Abstract 1788: Targeting ornithine decarboxylase down-regulates multiple pathways involved in precancerous lesion formation of esophageal squamous cell cancer

Abstract

Abstract Precancerous lesion of esophageal squamous cell cancer (ESCC) owns the characteristic of bidirectional instability, which can develop to cancer or reverse to normal epithelium by appropriate interference. Therefore, the feature of precancerous lesion provides possibility for ESCC chemoprevention. In the current study, we found that ornithine decarboxylase (ODC) protein level is higher in esophageal precancerous lesions compared with normal esophageal epithelium. Knocking down ODC suppresses cell proliferation and clone formation of ESCC. Moreover, difluoromethylornithine (DFMO), an irreversible inhibitor of ODC, decreases N-nitrosomethylbenzylamine (NMBA)-induced rats’ esophageal precancerous lesions.

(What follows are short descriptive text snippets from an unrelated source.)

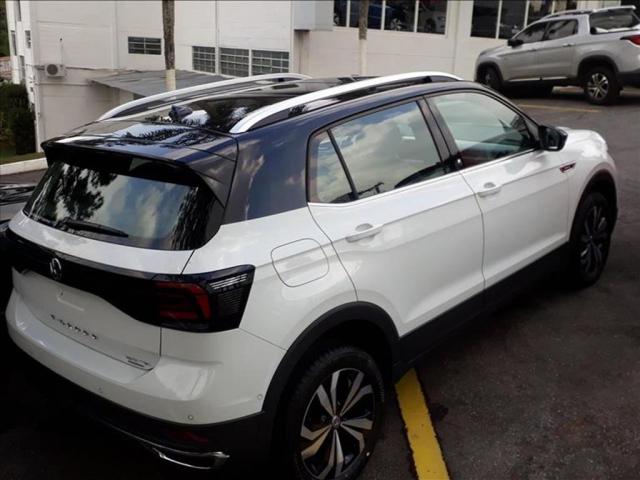 VOLKSWAGEN T-CROSS 1.4 250 TSI TOTAL FLEX HIGHLINE AUTOMÁTICO - Foto 4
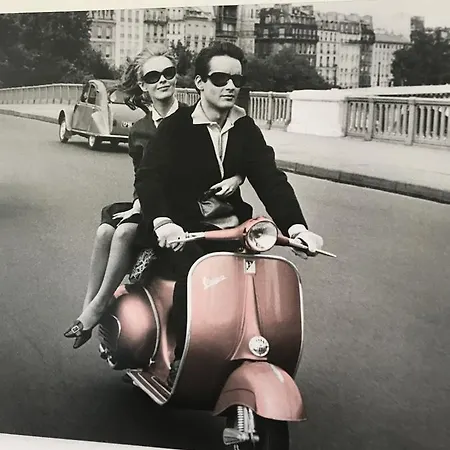 Apartament I Giardini Di Melzi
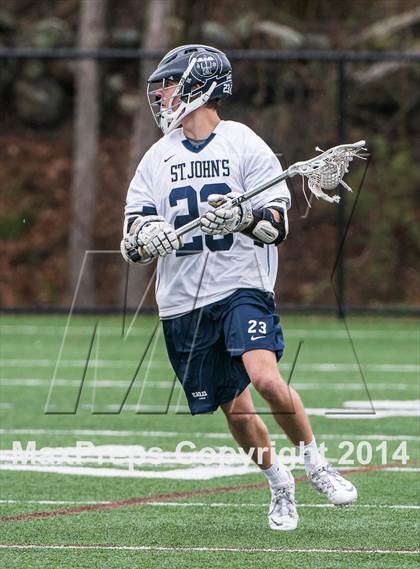 Thumbnail 3 in Masconomet Regional @ St. John's Prep photogallery.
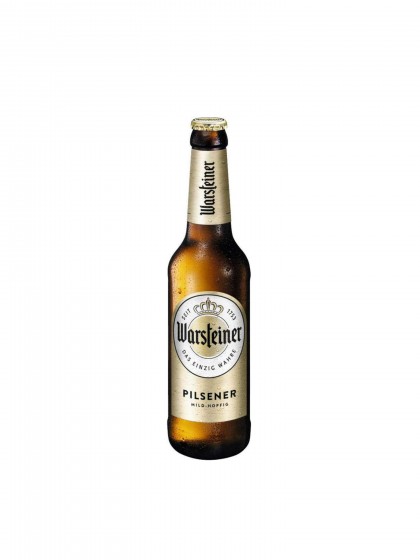 Bere Warsteiner 330 ml 4 8 % vol alc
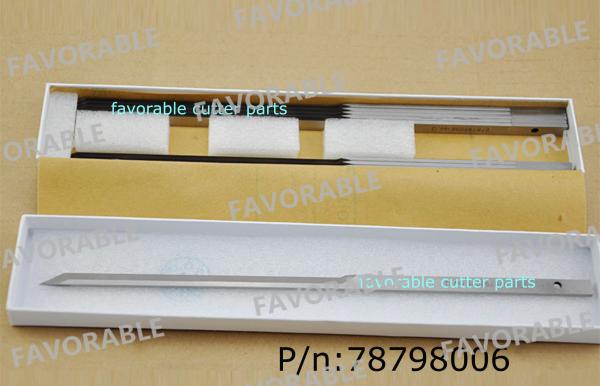Faca da lâmina 093 M2 plano de seda de aço ligado para o cortador Xlc7000 Z7 78798006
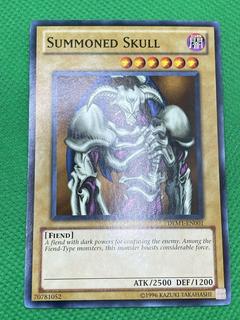 Summoned Skull DEM1-EN001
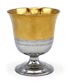 golden chalice   cm h 11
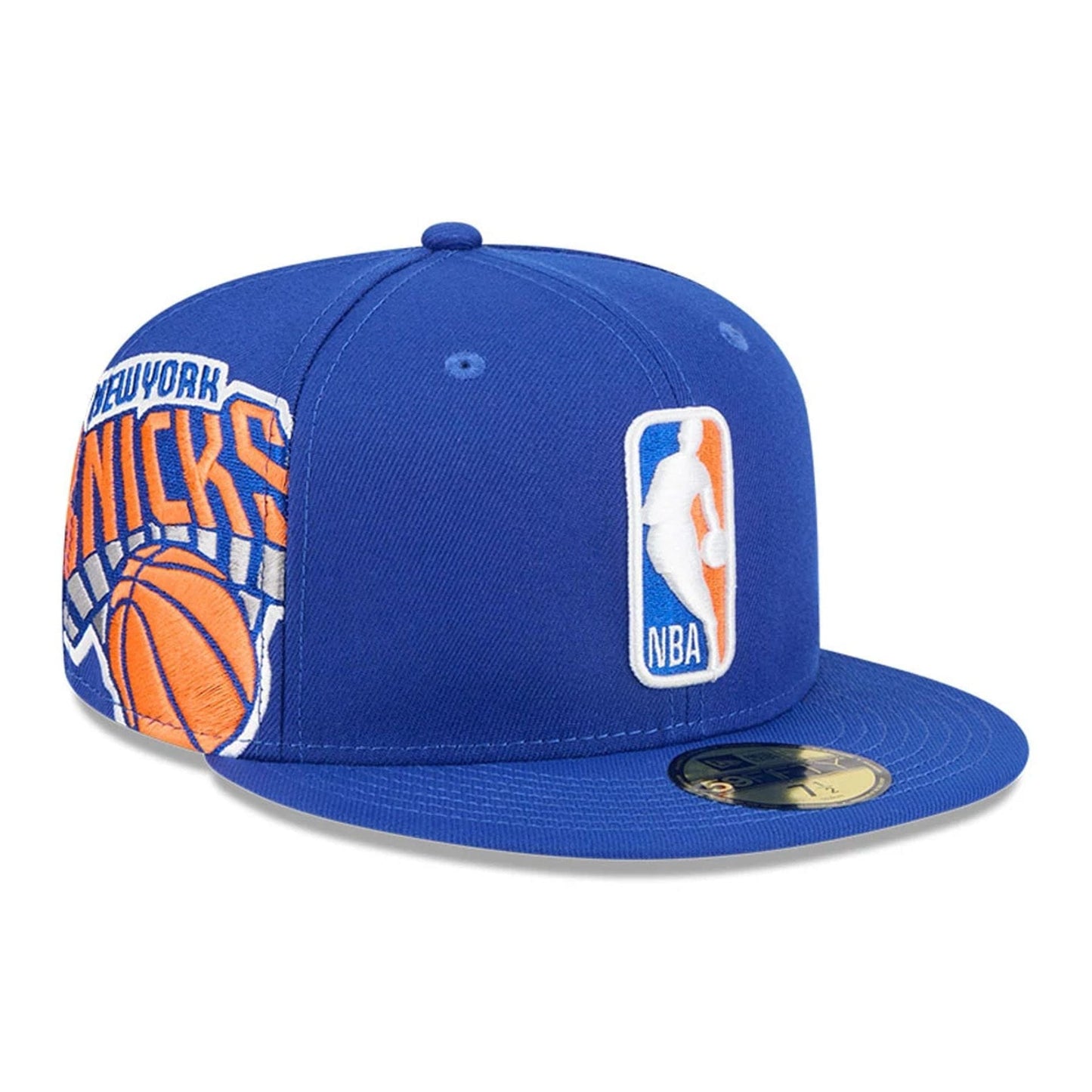 New York Knicks NBA All Star Game 2026 Blue 59FIFTY Fitted Cap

Further molecular study indicated that ODC down-regulates p38, ERK in the MAP kinase pathway and AKT/mTOR/p70S6K pathway, which are involved in the carcinogenesis process. Overall, our results indicate that ODC may be a potential target for ESCC chemoprevention. Citation Format: Yifei Xie, Qiong Wu, Jimin Zhao, Kangdong Liu. Targeting ornithine decarboxylase down-regulates multiple pathways involved in precancerous lesion formation of esophageal squamous cell cancer [abstract]. In: Proceedings of the American Association for Cancer Research Annual Meeting 2019; 2019 Mar 29-Apr 3; Atlanta, GA. Philadelphia (PA): AACR; Cancer Res 2019;79(13 Suppl):Abstract nr 1788.